- **Aim of the exercise**
Exact copies of the lines from the one with "Mas de una veintena" through the last line of the entries, and no pictures, make up the answer.
----
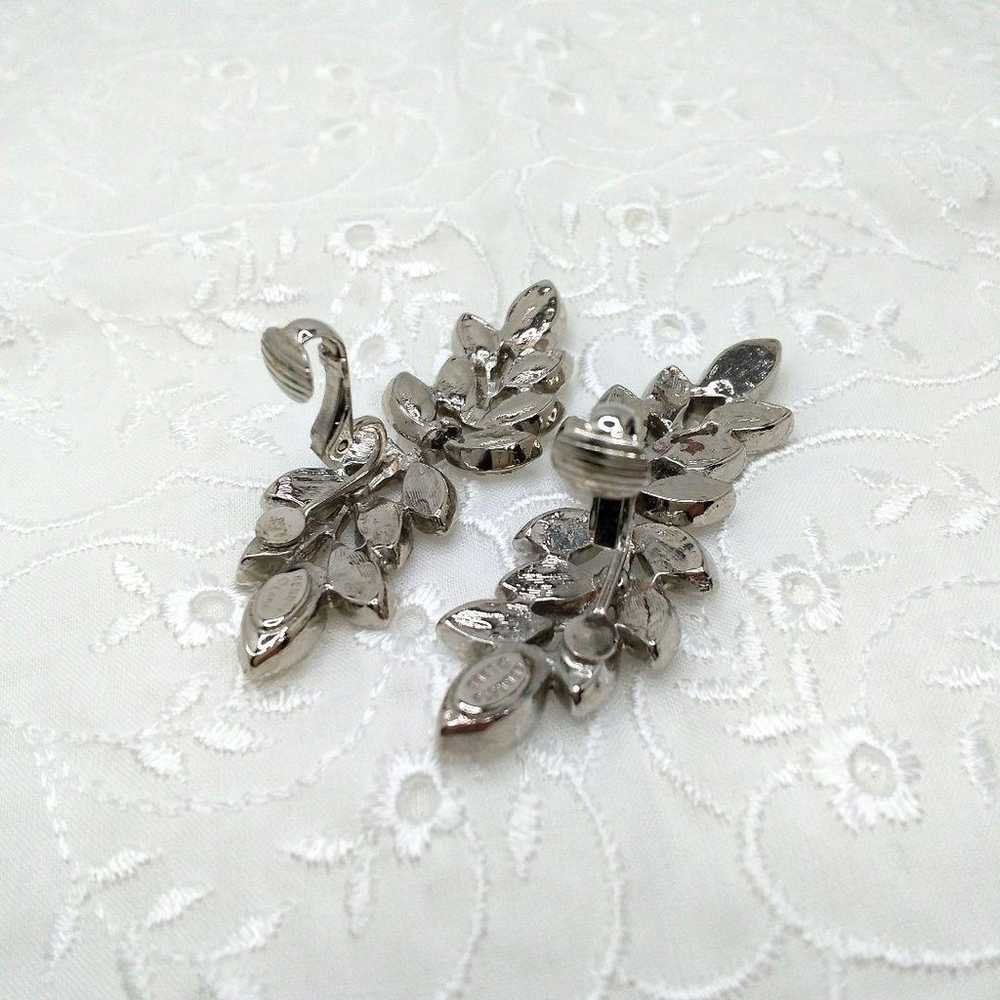 KJL Kenneth Jay Lane Vintage Stone Leaf Earrings - image 4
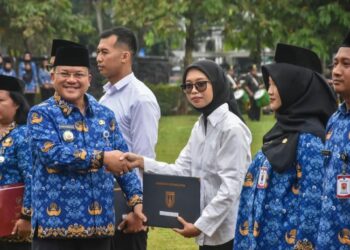 Wali Kota Salatiga Robby Hermawan menyerahkan SK kepada perwakilan PPPK saat upacara HUT ke-54 KORPRI di Lapangan Pancasila, Senin, 1 Desember 2025. (Prokompim Setda Salatiga/Lingkarjateng.id)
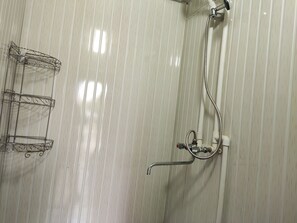 Free toiletries, hair dryer, slippers, towels - Goziyon Hostel (Bukhara)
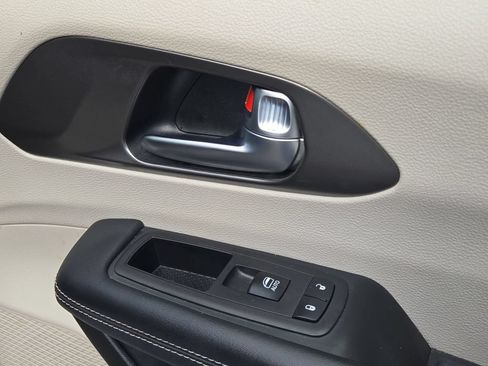 Used 2023 Chrysler Pacifica Touring-L FWD image 34
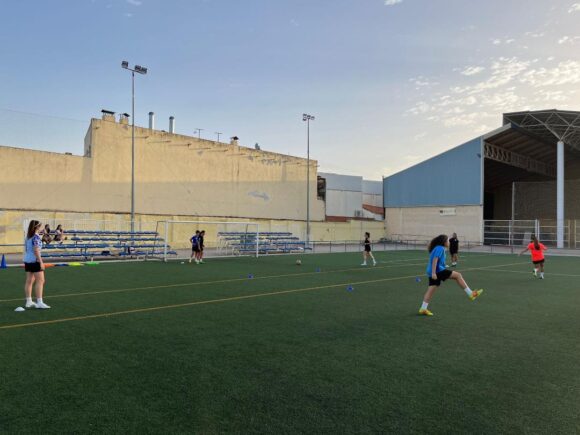 Mas de una veintena de jugadoras acuden a la primera jornada de entrenamiento captación para el equipo femenino de la EF Jesús de la Ossa en el inicio de la preparación ante la próxima temporada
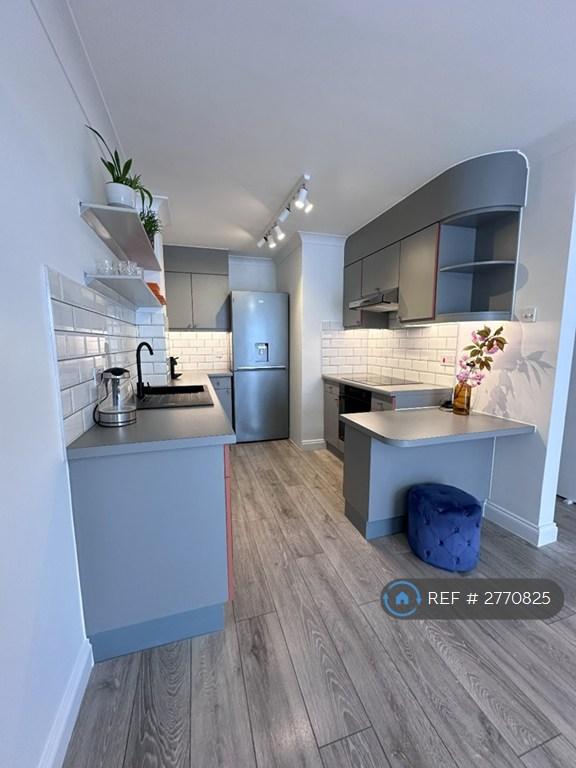 1 bedroom flat in Maltings Place, London, SW6 (1 bed) (#2770825)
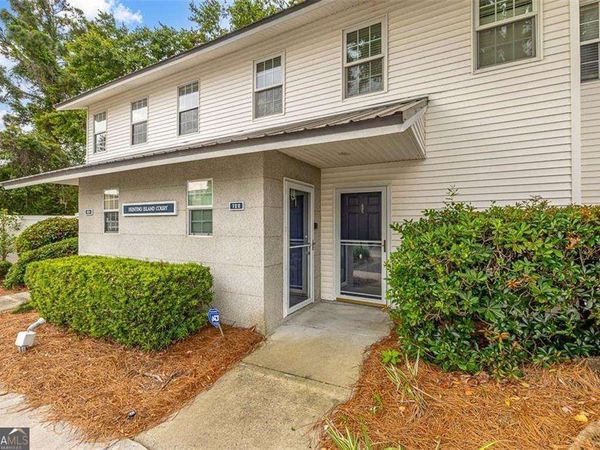 122 S Island Square Drive, St. Simons, GA 31522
----
- **Output below**
 Mas de una veintena de jugadoras acuden a la primera jornada de entrenamiento captación para el equipo femenino de la EF Jesús de la Ossa en el inicio de la preparación ante la próxima temporada
 1 bedroom flat in Maltings Place, London, SW6 (1 bed) (#2770825)
 122 S Island Square Drive, St. Simons, GA 31522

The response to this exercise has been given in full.